Wer auf das Jahr 2015 zurückblickt, kommt an Pegida nicht vorbei. Seit mehr als einem Jahr versammeln sich die selbsternannten Patrioten Montag für Montag in Sachsens Landeshauptstadt. Nur hier, in Dresden, schaffen sie es nach wie vor, Tausende Menschen zu mobiliseren. Pegida spaltet, kaum eine Zusammenkunft im privaten Kreis bleibt von einer Diskussion über die Bewegung verschont. MDR-Reporter Wolfram Nagel ist von Anfang an bei den Demonstrationen dabei. Hier zieht er seine Jahresbilanz:
Die Patrioten Europas wollen die "Islamisierung Europas" verhindern.
Deshalb werden sie nicht müde, auf der Bühne die Abschiebung von
Flüchtlingen zu fordern. "Wir müssen hier nicht jeden und schon gar
nicht kulturfremde, verrohte Muslime willkommen heißen.
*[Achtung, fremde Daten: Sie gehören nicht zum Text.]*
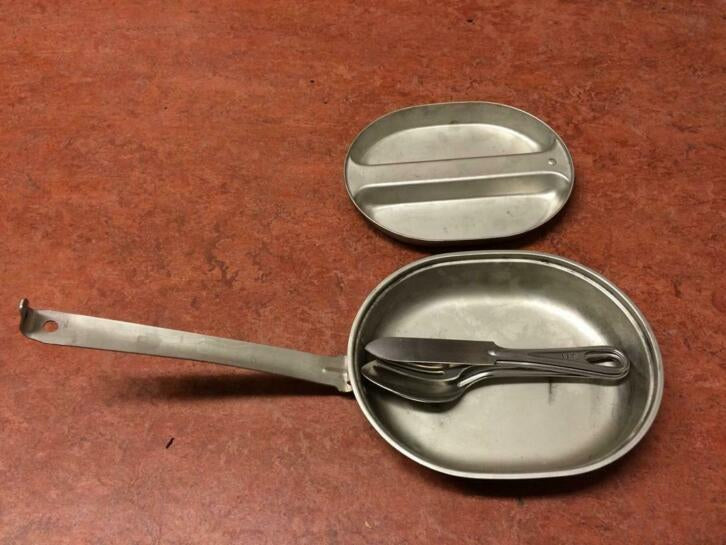 stalen eetset US army pan met bordje en bestek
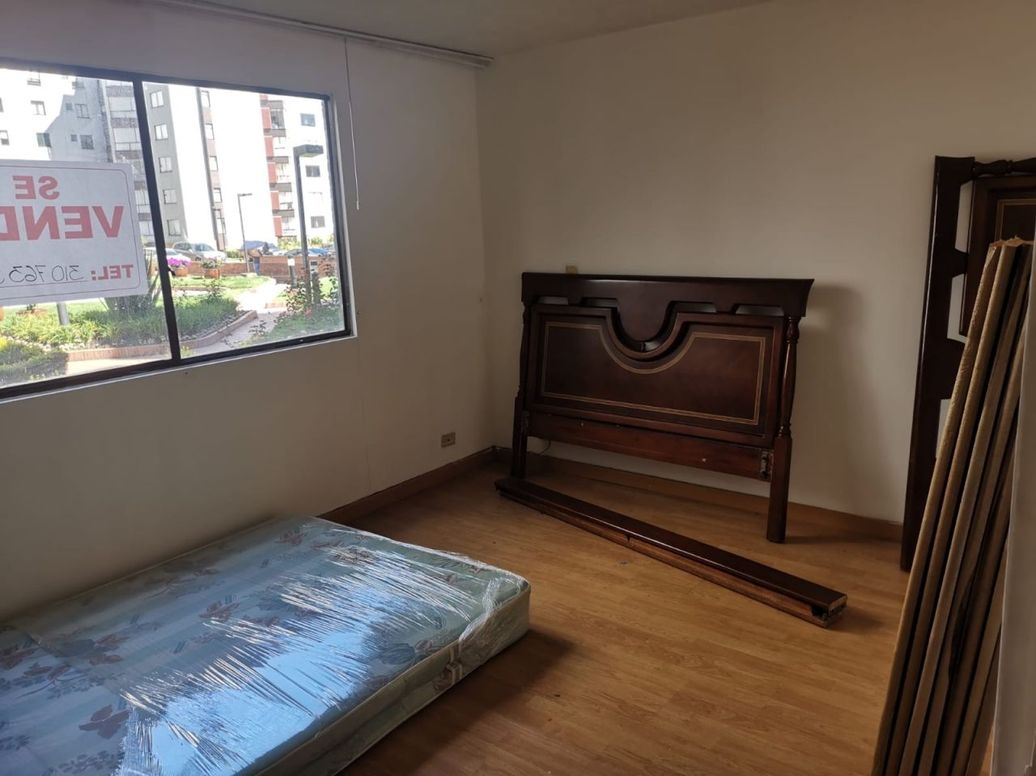 Apartamento de 3 alcobas en venta en Cr. Atabanza, Bogotá, 85 m² · foto 3 de 14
Heimatverteidigung darf, muss auch konkret stattfinden", rief Tatjana
Festerling mit einschneidender Stimme kurz vor Weihnachten in die Menge.
Und jene rund 8.000, die meinen "Wir sind das Volk", skandierten
Widerstand.
Zwar haben sie weihnachtliche Lieder gesungen, aber
offenbar deren Inhalt nicht verstanden. Die Heilige Familie war in Not
geraten und fand Unterschlupf in einem Stall, bei den Tieren, in
Bethlehem. Und sie musste sofort weiterziehen, weil König Herodes sie
verfolgte. Eine typische Flüchtlingsfamilie aus dem Morgenland, heute
aktueller denn je.
Wer "Stille Nacht, Heilige Nacht" oder "Kommet
ihr Hirten" singt und dann "Abschieben" und "Widerstand" brüllt, hat da
etwas Grundsätzliches missverstanden. Zumindest widerspricht es dem
Verständnis christlicher Barmherzigkeit.
Vor einem Jahr sang Pegida vor der Semperoper
Das war aber auch schon vor einem Jahr so. Im Dezember 2014 sangen
sogar etwa 20.000 "Patrioten" Europas christliche Weihnachtslieder - vor
der Semperoper. Allerdings waren die Sprüche auf der Bühne und die
Antworten der Masse noch nicht so aggressiv.
Diese
Massendemonstrationen der unzufriedenen Bürger haben auch Politik und
Medien in Aufruhr gebracht. Eilig wurden Gesprächsrunden und Foren
organisiert. Mitglieder der Staatsregierung setzten sich mit moderaten
Pegida-Vertretern an "Runde Tische".
Ende der großen Demonstrationen
Im Januar 2015 endete die erste Phase des Pegida-Protests. Frank Richter, Direktor der Landeszentrale für politische Bildung in Sachsen, spricht von einer bis dahin nicht gekannten Politisierung großer Teile der Bevölkerung. Ausdruck dafür waren die vielen Demonstrationen in Dresden, Leipzig und anderen Städten. Dann aber spaltete sich Pegida-Dresden, ausgelöst durch Bachmanns "Spaßbild mit Hitlerbärtchen" und beleidigende Äußerungen über Flüchtlinge, die bekannt geworden waren. Die Teilnehmerzahlen gingen stark zurück. Schon beim Auftritt des niederländischen Rechtspopulisten Geert Wilders im April schien der Zenit überschritten. Es kamen weit weniger Demonstranten als erwartet, nur etwa 10.000. Für Wilders waren die im Ostragehege hinter Polizeiabsperrgittern Versammelten alle "Helden". Und diese fühlten sich von einer europäischen Rechts-Partei ernst genommen und träumten von Marine le Pen in Dresden.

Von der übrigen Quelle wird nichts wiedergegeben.